Exercise details:
Would you write out every entry exactly, but without the pictures?
____
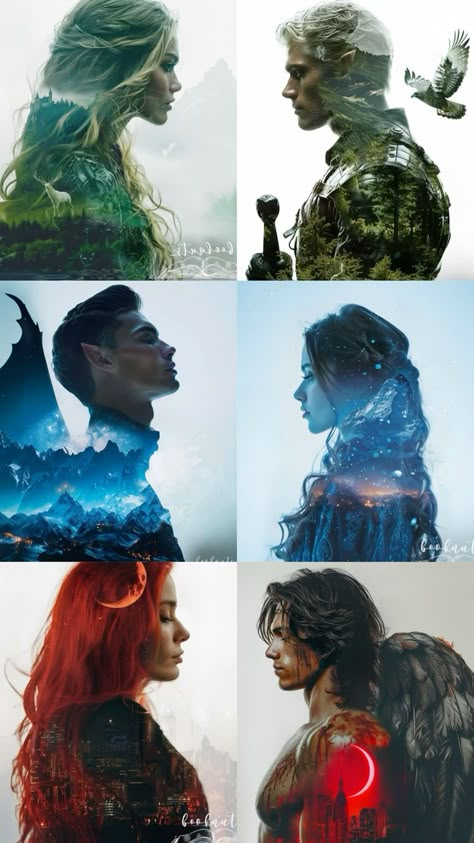 Sjm Fanart Wallpaper, Crescent City Fanart The Harpy, Tog X Acotar, Sarah J Maas Books Fanart, Acotar Kelpie, Acotar Artwork, Romantasy Fanart, Acotar Feyre And Rhysand, Aelin And Feyre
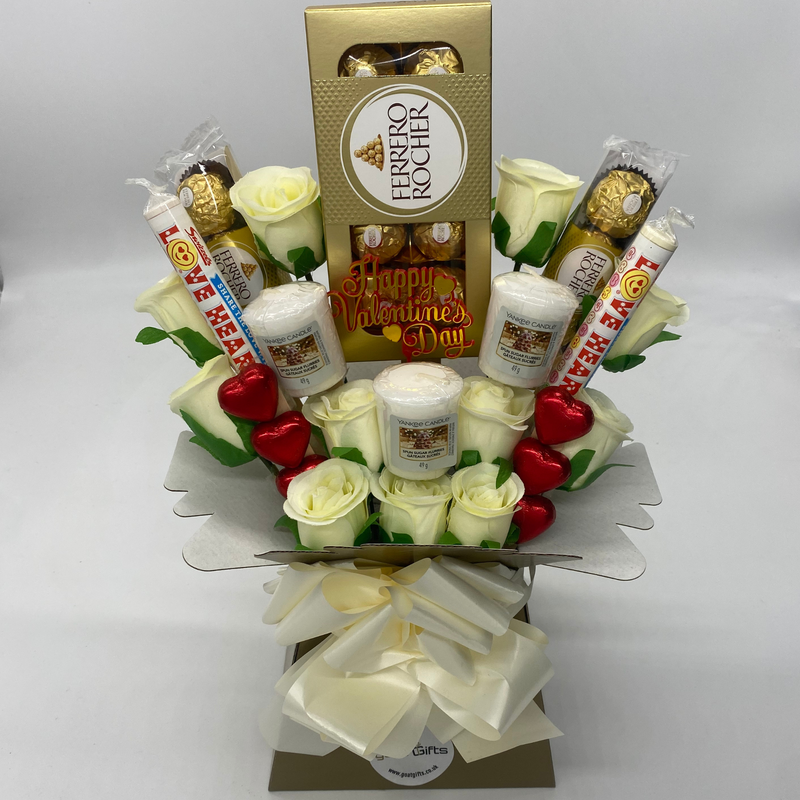Ferrero Rocher, Love Hearts, Yankee Candles & Roses Valentine&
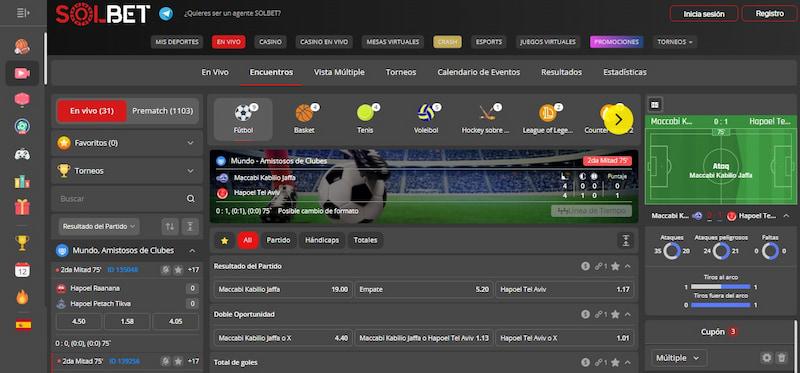 apuestas en vivo solbet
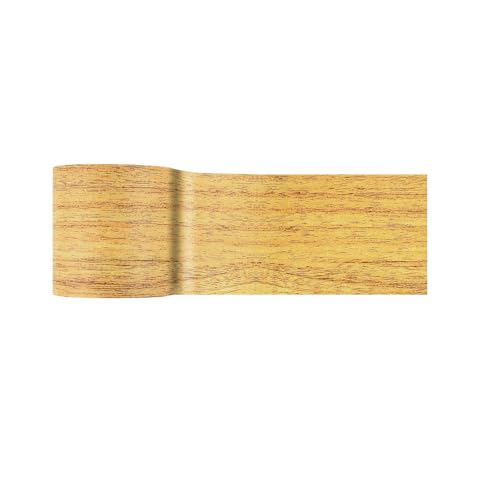SagaSave 2.24 Inch x 15Ft Woodgrain Patterned Duct Tape, Multi-Purpose Self Adhensive Waterproof Repair Tape for Furniture Door Floor Table and Chair (Glod) - color: Glod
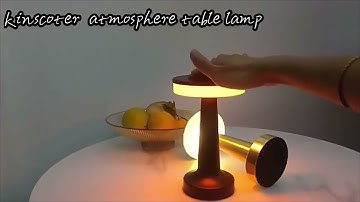 Portable LED Table Lamp with Touch Sensor 3-Levels Brightness night light lamp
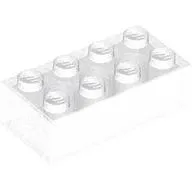 Brick 2 x 4 without Cross Supports, Modern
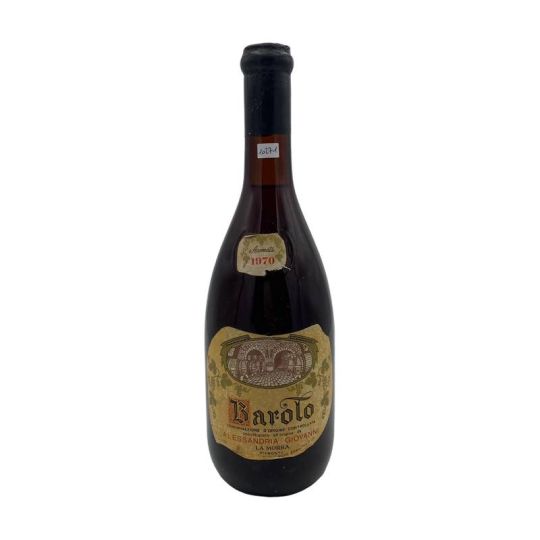 Vintage Bottle - Alessandria Giovanni Barolo DOC 1970 0,72 lt. - COD. 10271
____
Answer to this exercise:
 Sjm Fanart Wallpaper, Crescent City Fanart The Harpy, Tog X Acotar, Sarah J Maas Books Fanart, Acotar Kelpie, Acotar Artwork, Romantasy Fanart, Acotar Feyre And Rhysand, Aelin And Feyre
Ferrero Rocher, Love Hearts, Yankee Candles & Roses Valentine&
 apuestas en vivo solbet
SagaSave 2.24 Inch x 15Ft Woodgrain Patterned Duct Tape, Multi-Purpose Self Adhensive Waterproof Repair Tape for Furniture Door Floor Table and Chair (Glod) - color: Glod
 Portable LED Table Lamp with Touch Sensor 3-Levels Brightness night light lamp
 Brick 2 x 4 without Cross Supports, Modern
 Vintage Bottle - Alessandria Giovanni Barolo DOC 1970 0,72 lt. - COD. 10271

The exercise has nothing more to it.